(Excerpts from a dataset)
════
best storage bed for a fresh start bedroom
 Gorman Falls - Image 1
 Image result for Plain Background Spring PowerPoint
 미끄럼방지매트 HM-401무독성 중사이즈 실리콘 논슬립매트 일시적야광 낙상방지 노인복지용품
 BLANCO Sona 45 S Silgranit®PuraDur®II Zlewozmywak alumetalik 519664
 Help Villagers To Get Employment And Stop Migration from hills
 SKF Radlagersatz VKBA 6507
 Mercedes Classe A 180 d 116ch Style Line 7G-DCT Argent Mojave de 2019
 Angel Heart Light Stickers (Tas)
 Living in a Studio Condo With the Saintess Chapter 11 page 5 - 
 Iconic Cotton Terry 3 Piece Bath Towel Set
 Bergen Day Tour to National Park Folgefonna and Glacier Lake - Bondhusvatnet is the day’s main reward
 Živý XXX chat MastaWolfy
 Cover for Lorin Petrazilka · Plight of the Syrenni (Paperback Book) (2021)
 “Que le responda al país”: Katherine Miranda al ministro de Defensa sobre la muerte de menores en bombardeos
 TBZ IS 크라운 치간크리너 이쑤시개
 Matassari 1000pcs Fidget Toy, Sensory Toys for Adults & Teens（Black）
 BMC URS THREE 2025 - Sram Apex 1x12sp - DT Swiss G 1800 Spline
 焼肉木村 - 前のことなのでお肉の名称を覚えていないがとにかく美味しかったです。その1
════
The entries must all be transcribed exactly.

*SOLUTION*:
best storage bed for a fresh start bedroom
 Gorman Falls - Image 1
 Image result for Plain Background Spring PowerPoint
 미끄럼방지매트 HM-401무독성 중사이즈 실리콘 논슬립매트 일시적야광 낙상방지 노인복지용품
 BLANCO Sona 45 S Silgranit®PuraDur®II Zlewozmywak alumetalik 519664
 Help Villagers To Get Employment And Stop Migration from hills
 SKF Radlagersatz VKBA 6507
 Mercedes Classe A 180 d 116ch Style Line 7G-DCT Argent Mojave de 2019
 Angel Heart Light Stickers (Tas)
 Living in a Studio Condo With the Saintess Chapter 11 page 5 - 
 Iconic Cotton Terry 3 Piece Bath Towel Set
 Bergen Day Tour to National Park Folgefonna and Glacier Lake - Bondhusvatnet is the day’s main reward
 Živý XXX chat MastaWolfy
 Cover for Lorin Petrazilka · Plight of the Syrenni (Paperback Book) (2021)
 “Que le responda al país”: Katherine Miranda al ministro de Defensa sobre la muerte de menores en bombardeos
 TBZ IS 크라운 치간크리너 이쑤시개
 Matassari 1000pcs Fidget Toy, Sensory Toys for Adults & Teens（Black）
 BMC URS THREE 2025 - Sram Apex 1x12sp - DT Swiss G 1800 Spline
 焼肉木村 - 前のことなのでお肉の名称を覚えていないがとにかく美味しかったです。その1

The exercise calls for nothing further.